» **Exercise prompt**
From the listing below, restate word for word the lines from the line containing "Martha Stewart 10" down through the line containing "Brown Wooden King Size Bed Frame". Exclude pictures.

» **Given entries**
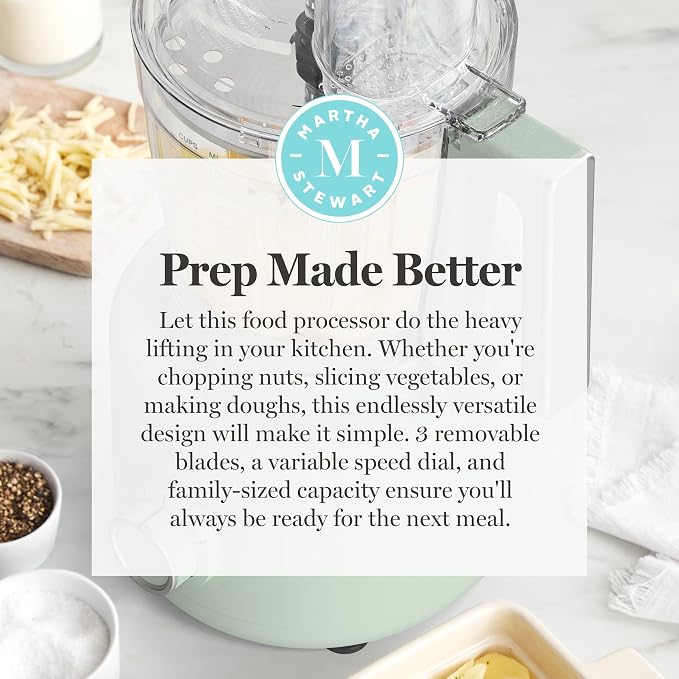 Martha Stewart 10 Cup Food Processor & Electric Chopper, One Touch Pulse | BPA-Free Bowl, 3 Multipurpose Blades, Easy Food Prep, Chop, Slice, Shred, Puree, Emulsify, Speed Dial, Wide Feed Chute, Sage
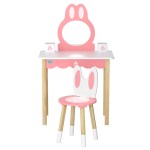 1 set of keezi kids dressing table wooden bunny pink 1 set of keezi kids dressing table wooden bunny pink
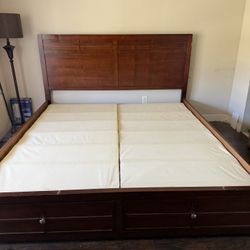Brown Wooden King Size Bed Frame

--

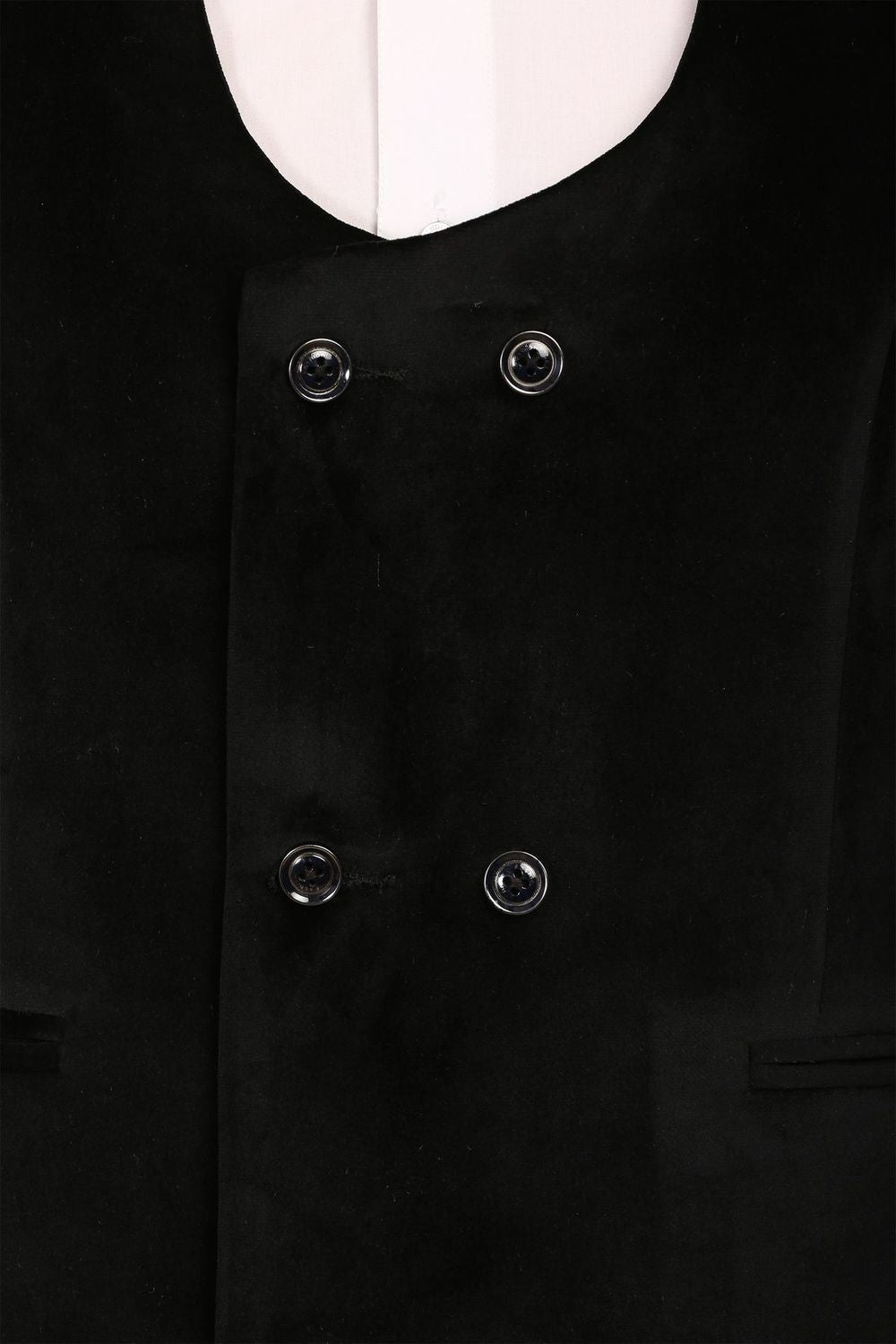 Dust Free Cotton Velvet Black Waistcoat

» **Output**
 Martha Stewart 10 Cup Food Processor & Electric Chopper, One Touch Pulse | BPA-Free Bowl, 3 Multipurpose Blades, Easy Food Prep, Chop, Slice, Shred, Puree, Emulsify, Speed Dial, Wide Feed Chute, Sage
 1 set of keezi kids dressing table wooden bunny pink 1 set of keezi kids dressing table wooden bunny pink
Brown Wooden King Size Bed Frame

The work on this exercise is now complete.